Mike Szymanski | October 31, 2017



Weapons found on or near LA Unified school campuses increased by 2.7 percent last year, to 568. The number of rifles and shotguns more than doubled.

Those numbers for the 2016-17 school year were revealed last Tuesday at a special meeting of the school board to review the district’s policy of mandatory daily random searches with metal detectors at all secondary school campuses.

Principals have been instructed to increase the searches this year, after an internal report showed continuing failures in executing the searches and that schools still lack the proper equipment.

Meanwhile, civil rights groups and a coalition of groups that include the ACLU, charter schools and UTLA, the teachers union, have protested the practice, saying that it hampers education more than keeping students safe.

The data presented by School Police Chief Steve Zipperman showed that the number of rifles and shotguns found increased from three to eight last year, and the number of knives and daggers also increased, from 393 to 403. The number of handguns found decreased from 26 to 23.

Knives and daggers remain popular items found on students, according to Zipperman, who said, “In the past seven years, knives and daggers have averaged around 375 a year.”

Hardly any of the weapons were found through the mandatory searches — only a little more than 1 percent of the total — but Zipperman insisted to the board that the policy remains a deterrent for students.

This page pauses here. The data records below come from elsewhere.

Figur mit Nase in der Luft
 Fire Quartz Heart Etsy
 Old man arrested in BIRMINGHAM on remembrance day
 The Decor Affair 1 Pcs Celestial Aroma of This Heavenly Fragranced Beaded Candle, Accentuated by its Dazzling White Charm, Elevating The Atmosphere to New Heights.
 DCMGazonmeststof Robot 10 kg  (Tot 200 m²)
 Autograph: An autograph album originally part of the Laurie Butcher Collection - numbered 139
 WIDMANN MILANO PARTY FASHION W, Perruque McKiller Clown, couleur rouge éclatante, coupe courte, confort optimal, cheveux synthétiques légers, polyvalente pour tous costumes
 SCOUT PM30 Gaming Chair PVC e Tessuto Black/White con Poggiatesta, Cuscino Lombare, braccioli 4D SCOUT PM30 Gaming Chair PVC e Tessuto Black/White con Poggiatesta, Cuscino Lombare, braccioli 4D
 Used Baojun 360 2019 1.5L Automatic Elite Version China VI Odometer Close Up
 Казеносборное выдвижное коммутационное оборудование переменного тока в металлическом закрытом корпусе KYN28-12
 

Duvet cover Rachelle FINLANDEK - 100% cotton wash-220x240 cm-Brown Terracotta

“It is the same if you have a DUI checkpoint in the area, DUIs will go way down overall,” Zipperman said.

But the number of weapons found in LA Unified has not gone down. Instead, it has risen steadily in the three years of data that were presented, from 546 weapons found in 2014-15, to 553 in 2015-16, to 568 in 2016-17.

• Read more: How safe are LA’s schools? New interactive map compares what teachers and students are seeing

The school board is reviewing the policy on the random searches, which are carried out by teachers and administrators, not school police, but if weapons or drugs are found, then school police, or if necessary local police, may get involved.

“Every school board district has weapons being confiscated,” Zipperman said. “It’s happening all over.”

Board member Nick Melvoin’s District 4 on the west side, the most affluent of the local school districts, had the fewest number of weapons found last year (68), with Scott Schmerelson’s District 3 in the San Fernando Valley as the next fewest (132).

The most weapons found on and near campuses last year were in District 7, which stretches from South Los Angeles to San Pedro and is represented by Richard Vladovic (at 230 weapons), then District 2 in the Downtown and Boyle Heights area represented by Mónica García (172), followed closely by District 6 in the East San Fernando Valley represented by Kelly Gonez (171). George McKenna’s District 1, which is predominantly downtown, had 143 weapons found, and Ref Rodriguez’s District 5 in East Los Angeles had 142 weapons found last school year.

“We do not believe that the 30,000 random searches justify the small percent of weapons actually found during these searches, and we are calling for a stop to them,” Amir Whitaker, a researcher at the UCLA Civil Rights Project, told the board members at the meeting. He conducted his team’s own report about the searches.

The school board is considering possible changes in the search policies, but until then, the daily searches remain in effect.